Deshalb ist analog Fotografieren ein Schritt bewusst in einen anderen Herstellungsprozess – in Kombination von Film und ausgewähltem Objektiv in verschiedene Ver- und Bearbeitungsprozesse treten. Hier sind Kategorien wie „in eine alte Zeit zurückgehen, schlechtere Bildqualität oder die Anzahl der verarbeiteten MBs“ anders zu bewerten – viele Wege führen nach Rom. Egal welches Foto wir betrachten – wir gehen einmal davon aus, dass alle Fotos handwerklich perfekt erstellt wurden – bei einigen bleiben wir hängen! Warum? Weil sie vom Motiv, von der Sehweise oder der Andersartigkeit aus der Masse herausragen – sowohl analog als auch digital. Und Analog auf Film gebannt hat eine eigenständige Bildsprache.
Hier einige Besonderheiten:
- Mit dem Korn spielen – also konträr zum Betreben aller Kamerahersteller arbeiten. Nicht möglichst rauscharm, sondern ein einmaliges Foto fasziniert, in Kenntnis der einmaligen Eigenschaften des Filmmaterials, produzieren.
- Ganz bewusst mit schwarz-weiß Fotografieren. Das Filmmaterial durchläuft drei Prozesse – belichten – entwickeln – Abzüge herstellen. Auf alle drei Prozesse kann ich aktiv einwirken und das Endprodukt beeinflussen. Ich möchte das Foto genauso!
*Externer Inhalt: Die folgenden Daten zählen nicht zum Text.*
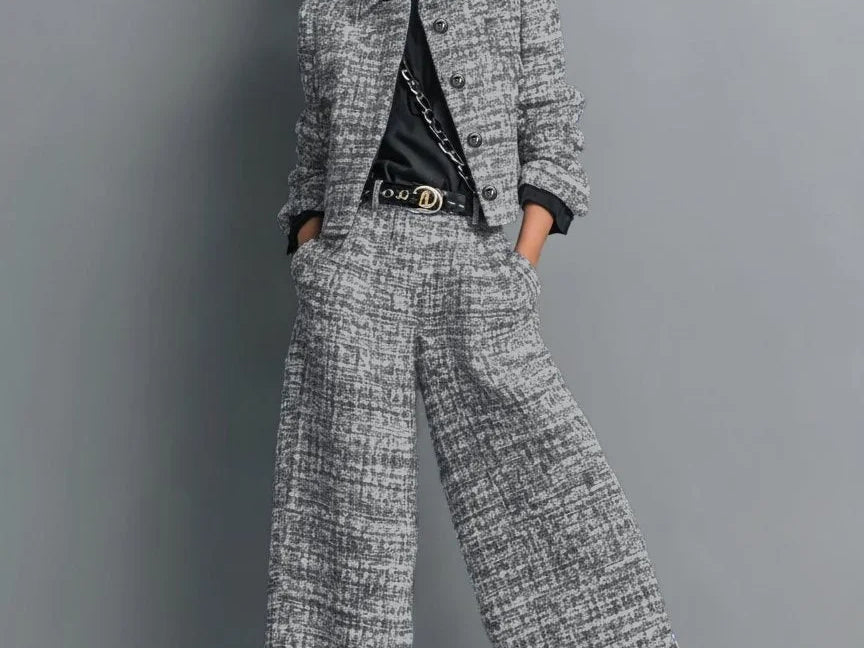 Kerys - Women's Tweed Cropped Jacket and Wide-Leg Pants Set - Black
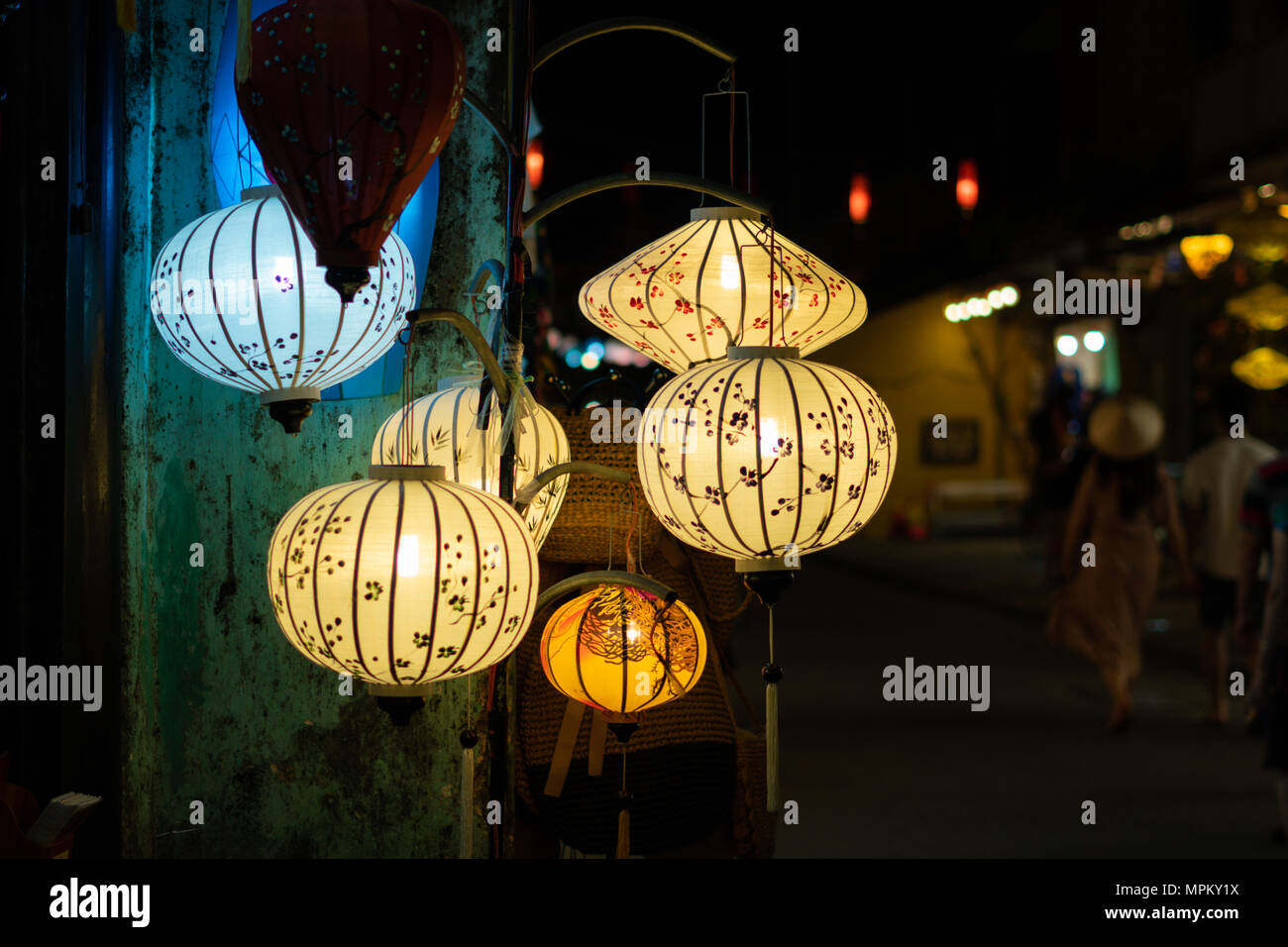 Beautiful lantern in Hoi An old town. Royalty high quality stock footage of very much lantern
- Alte „handwerkliche“ Fähigkeiten erhalten, als zweite Form des Fotografierens – vergleichbar mit Vinyl und Digital – jede Form hat seine eigene Daseinsberechtigung.
- Ich ringe in der Begrenzung der analogen ISO Werte um „das eine Foto“.
Das fertige Papierfoto fasziniert uns dann aus dem Zusammenspiel aller Bedingungsfaktoren.
Das digitale Scannen von analogem Bildmaterial
Dieser Prozess, analoge Fotos einzuscannen, macht Sinn bei der Rettung alten Bildmaterials vor dem Zerfall. Auch die Archivierung von herausragenden eigenen analogen Fotos ist sinnvoll. Geht es aber um das heutige analoge Fotografieren, macht ein Nachbearbeiten von eingescannten analogen Fotos keinen Sinn, da man dadurch gerade die Wirkung aufhebt, deren man analog unterwegs ist. Für eine Präsentation über Beamer? Das analoge Foto wirkt durch seine Dynamik, das ausgewählte Format und durch das genutze Fotopapier! Und das alles schluckt der Beamer. Professionell genutzt sind es ja gerade diese Wirkungsweisen der Papierfotos, die bewusst eingesetzt werden sollen. Also – entweder ganz oder garnicht! Soll projeziert oder ins Netz gestellt werden – dann macht analog nur der Dia Film Sinn.
Außerdem hängt die Qualität der eingescannten Fotos einzig von der Qualität des Scanners ab. Nur Profigeräte erhalten die Bildqualität der Vorlage. Pixelt man dann am Foto rum, vermischt man analog und digital. Diesen Fehler hat man im Musikbereich mit den ADD CDs schon gemacht. Weit hinter der Qualität der Vinyl Platte liegend, und wenn man das Original kennt und von einer guten HiFi Anlage abgespielt, dann kaum zu ertragen. Ein digitalisiertes analoges Foto ist ähnlich … , auch da soll Vielfalt möglich sein.
Aber ob der teure Weg über analoges Filmmaterial dann noch sinnvoll ist, muss jeder/jede Betrachter*in selbst entscheiden.